## WHAT IS EXPECTED
Output exactly the lines from the line that has "Pixelated blue text" through the last line of the data below, with no pictures.

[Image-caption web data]
[Start of section]
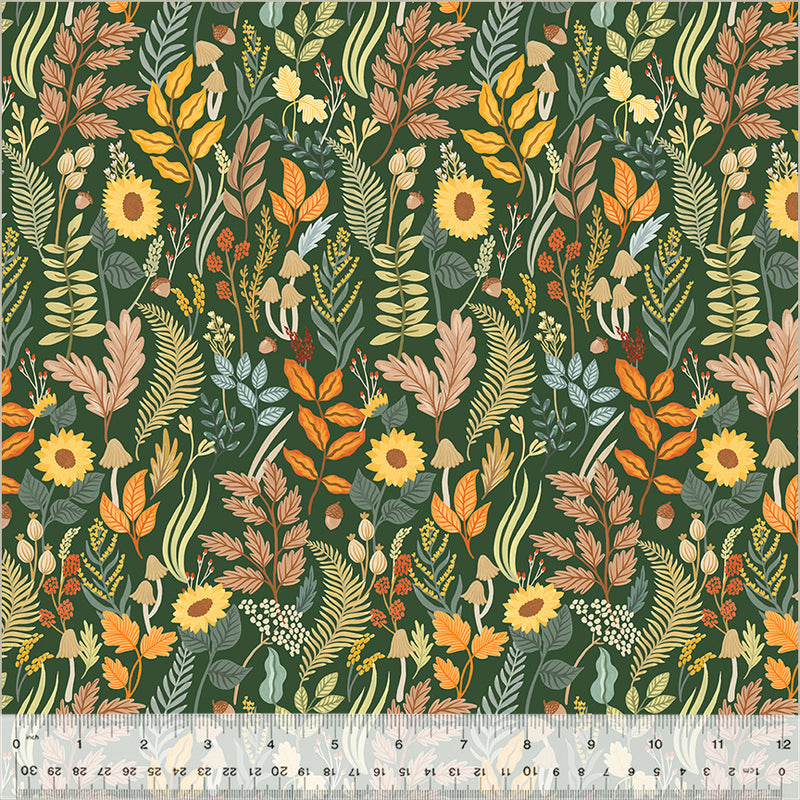 Windham Fabrics Harvest Gathering Foraged Leaves Evergreen Fabric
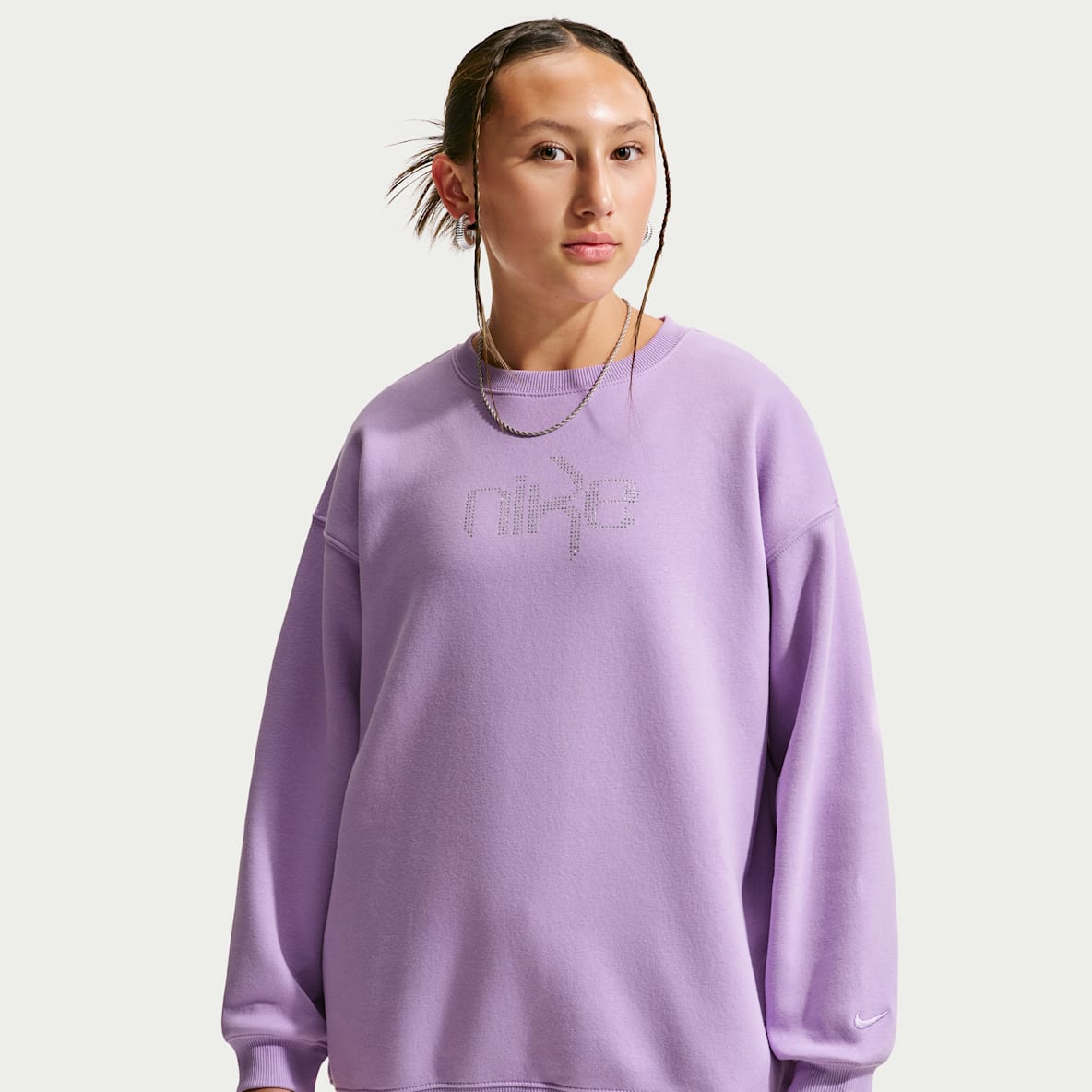 Nike Studio Fleece Sweat oversize à col ras-du-cou pour pré-ado (fille)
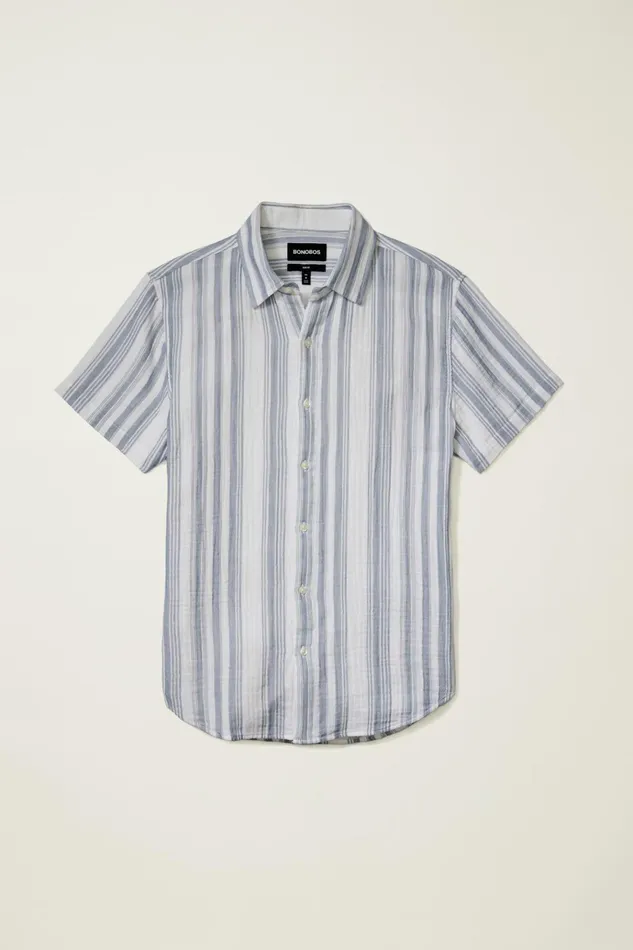Men Casual Shirts Bonobos Riviera Short Sleeve Shirt Blue White Gauze Stripe
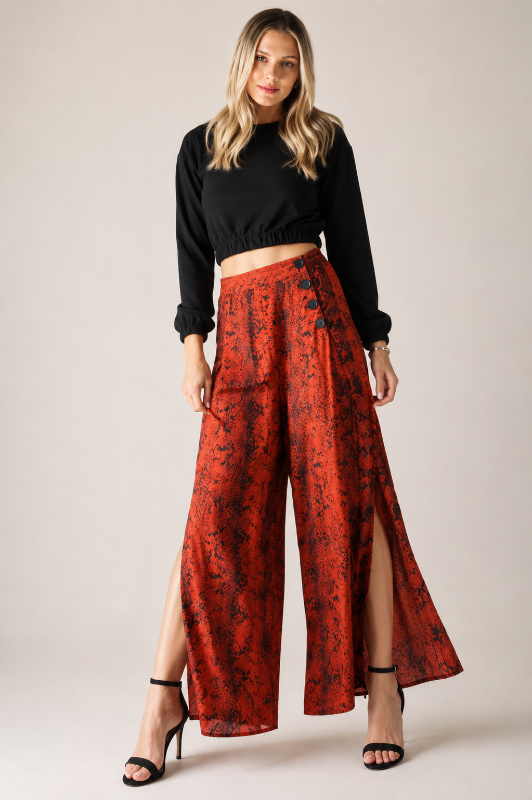 Angie Snakeskin Button Wide Pants - Rust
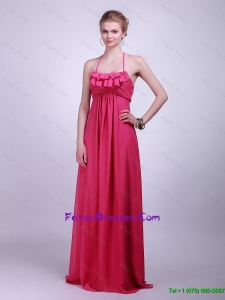 Pretty Halter Top Brush Train Prom Dresses in Hot Pink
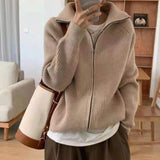 Cardigan Women Spring New Solid Vintage All-match Elegant Zipper Loose Daily Soft Sweet Simple Casual Knitwear Chic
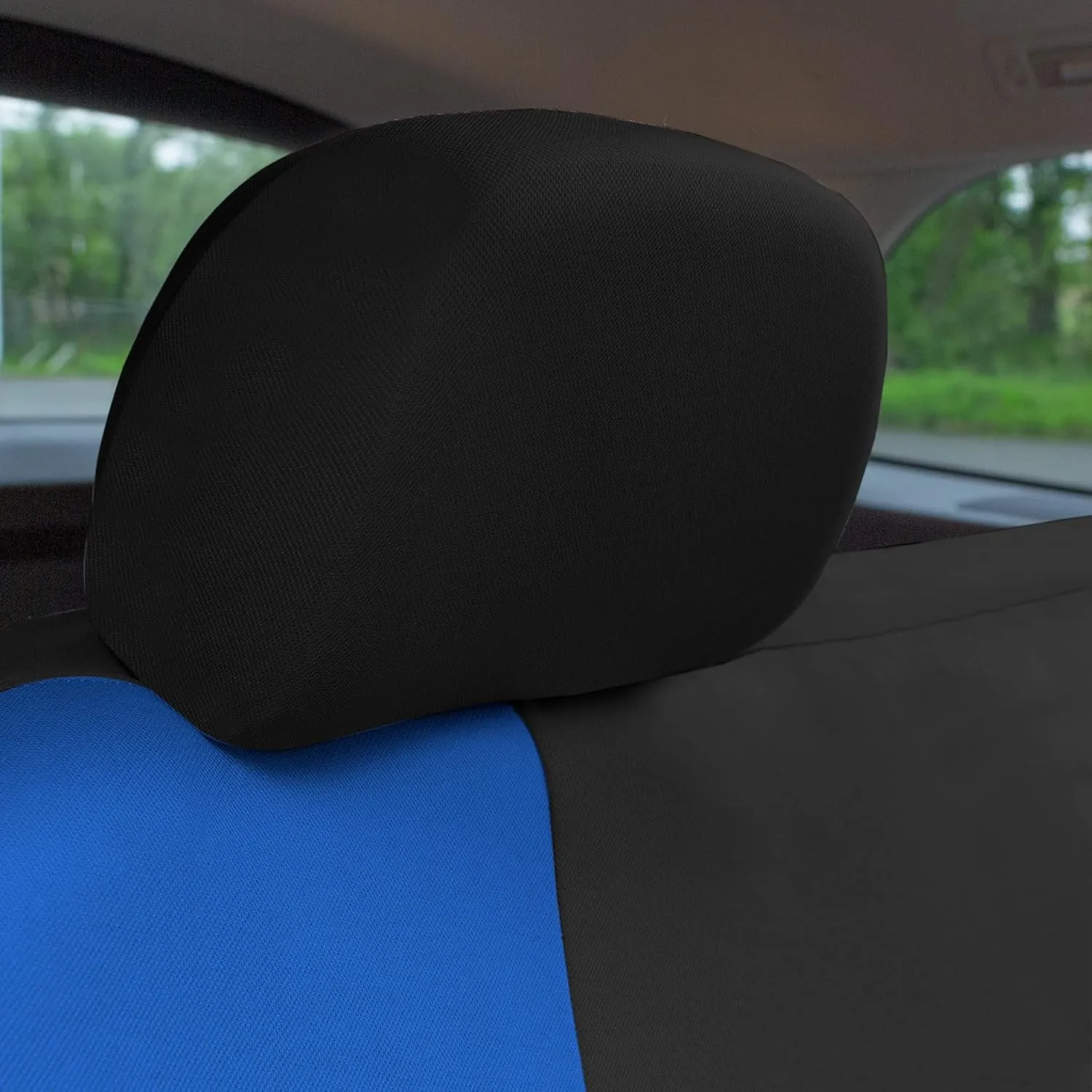 TLH Universal Fit Automotive Seat Covers Blue Cloth Car Seat Covers Full Set, Car Seat Protector Interior Accessories Classic Flat Cloth Car Seat Covers fit for Most Cars, Trucks, SUVs or Vans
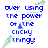 Pixelated blue text reads 'over using the power of the clicky thing' on white background with green pixel clusters at top-right and bottom-left.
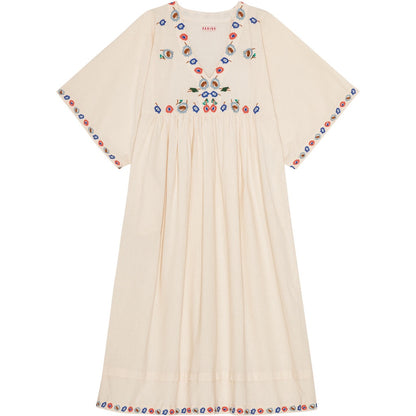 FLORA DRESS 3/4 SLEEVE Creme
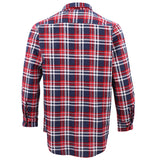 Men's Shirts: Men's 100% Cotton Flannelette Shirt Long Sleeve Plaid Check Flannel w Pockets, Heritage Red Plaid, XL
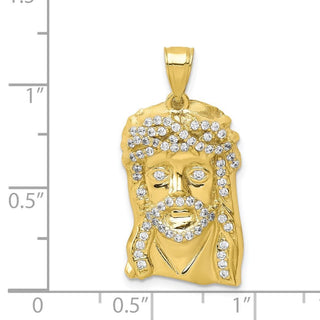 10k Yellow Gold Cubic Zirconia Micropave Jesus Face Pendant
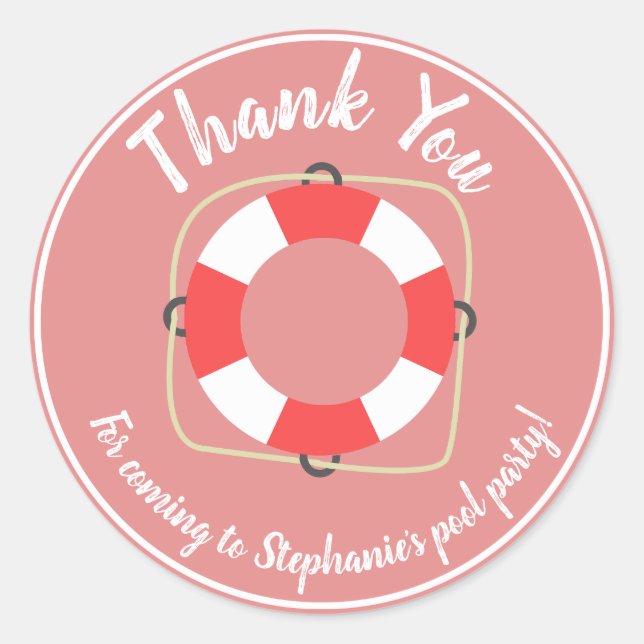 Adesivo Redondo Vinhetas de Aniversário do Partido piscina (Frente)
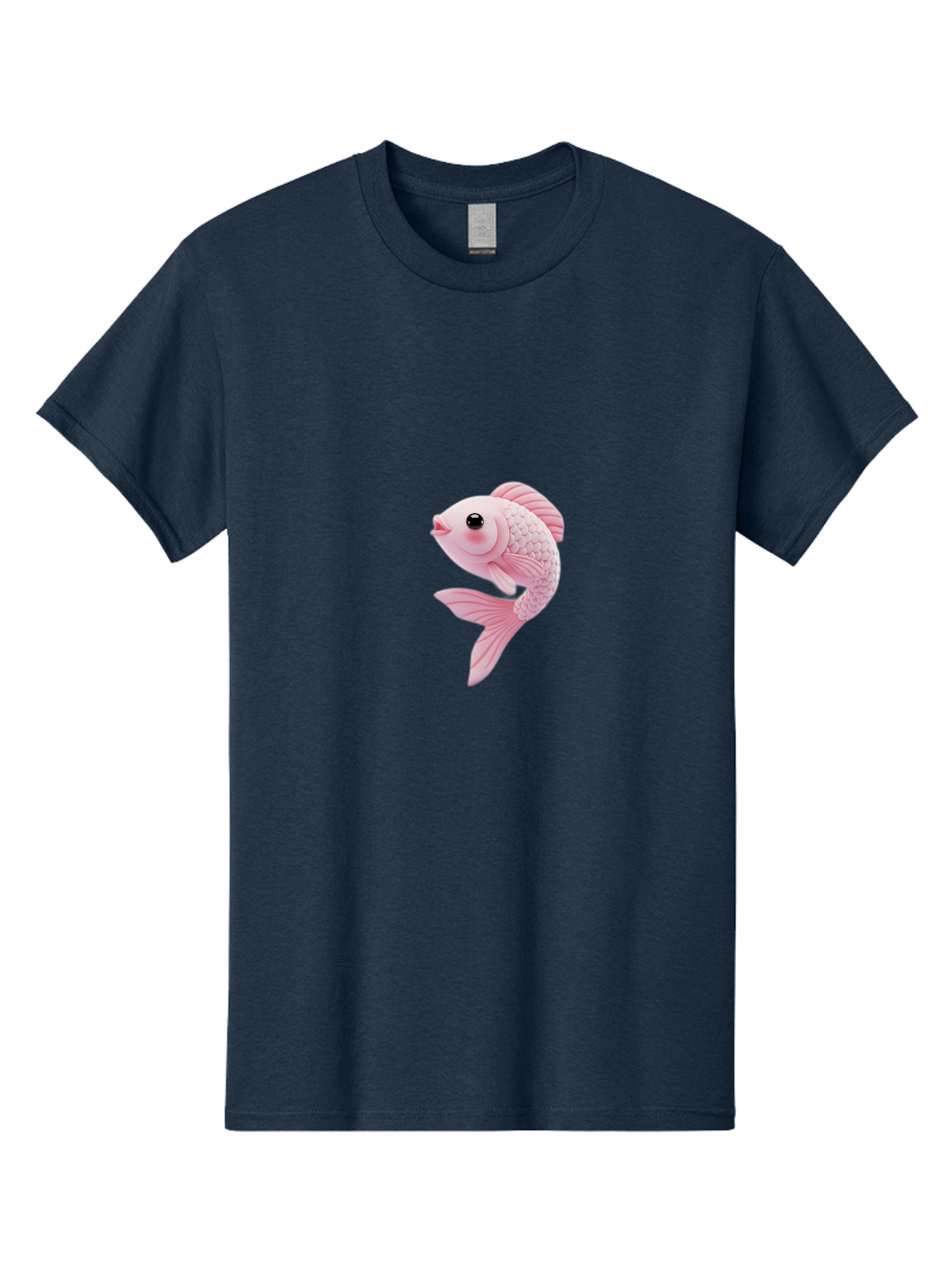 Pink-Goldfish Men'S Graphic Tee, 100% Cotton, Comfortable Casual Summer Wear, Machine Washable, Pink Fish, Cartoon Style, Kawaii Character, Toy-Like Appearance, Playful Design, Aquatic Theme, Cute Expression, Isolated Graphic Bae237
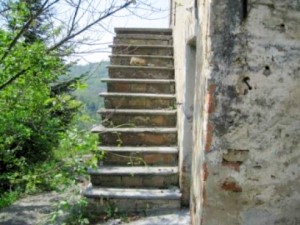 Treppenaufgang vom Rustico auf dem Grundstck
[End of section]
## WRITTEN ANSWER
 Pixelated blue text reads 'over using the power of the clicky thing' on white background with green pixel clusters at top-right and bottom-left.
 FLORA DRESS 3/4 SLEEVE Creme
 Men's Shirts: Men's 100% Cotton Flannelette Shirt Long Sleeve Plaid Check Flannel w Pockets, Heritage Red Plaid, XL
 10k Yellow Gold Cubic Zirconia Micropave Jesus Face Pendant
 Adesivo Redondo Vinhetas de Aniversário do Partido piscina (Frente)
 Pink-Goldfish Men'S Graphic Tee, 100% Cotton, Comfortable Casual Summer Wear, Machine Washable, Pink Fish, Cartoon Style, Kawaii Character, Toy-Like Appearance, Playful Design, Aquatic Theme, Cute Expression, Isolated Graphic Bae237
 Treppenaufgang vom Rustico auf dem Grundstck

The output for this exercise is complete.